[DATA SUPPLIED Boundary: Start]
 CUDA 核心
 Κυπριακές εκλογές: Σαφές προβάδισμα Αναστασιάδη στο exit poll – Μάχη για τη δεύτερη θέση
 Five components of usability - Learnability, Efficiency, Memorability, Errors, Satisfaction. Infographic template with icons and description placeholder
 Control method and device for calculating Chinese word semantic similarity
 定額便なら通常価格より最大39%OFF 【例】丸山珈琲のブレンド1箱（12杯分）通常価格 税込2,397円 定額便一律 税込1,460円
[DATA SUPPLIED Boundary: End]
[DATA SUPPLIED Boundary: Start]
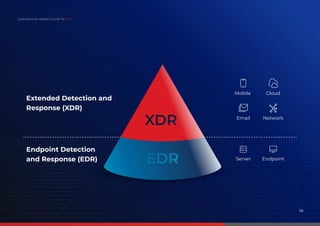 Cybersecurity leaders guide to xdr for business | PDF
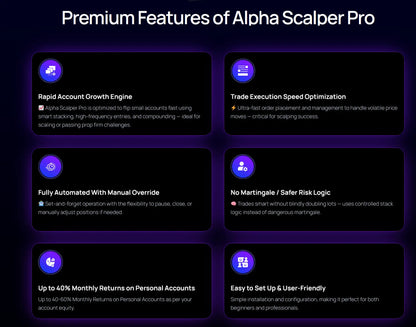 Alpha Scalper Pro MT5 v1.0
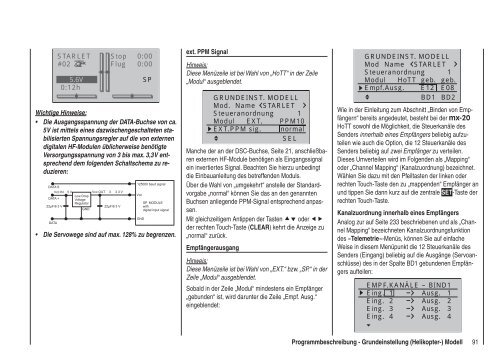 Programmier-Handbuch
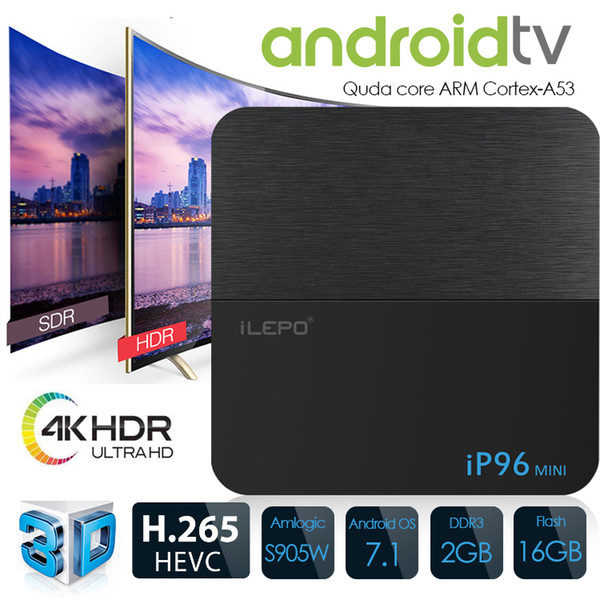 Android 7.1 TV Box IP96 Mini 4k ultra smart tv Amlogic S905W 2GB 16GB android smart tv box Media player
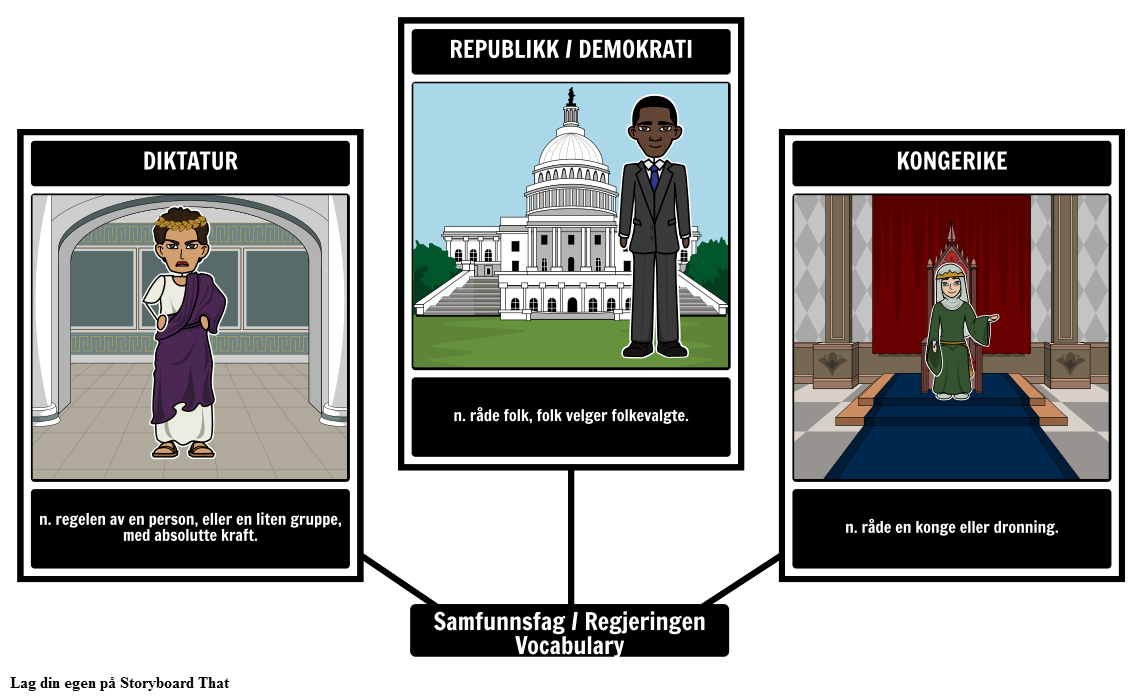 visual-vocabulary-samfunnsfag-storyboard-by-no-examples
[DATA SUPPLIED Boundary: End]
## PROBLEM DETAILS
Above are some entries; copy exactly the lines from the line with "Cybersecurity leaders guide" through the line with "visual-vocabulary-samfunnsfag-storyboard-by-no-examples", both included, but none of the pictures.

## SOLUTION
 Cybersecurity leaders guide to xdr for business | PDF
 Alpha Scalper Pro MT5 v1.0
 Programmier-Handbuch
 Android 7.1 TV Box IP96 Mini 4k ultra smart tv Amlogic S905W 2GB 16GB android smart tv box Media player
 visual-vocabulary-samfunnsfag-storyboard-by-no-examples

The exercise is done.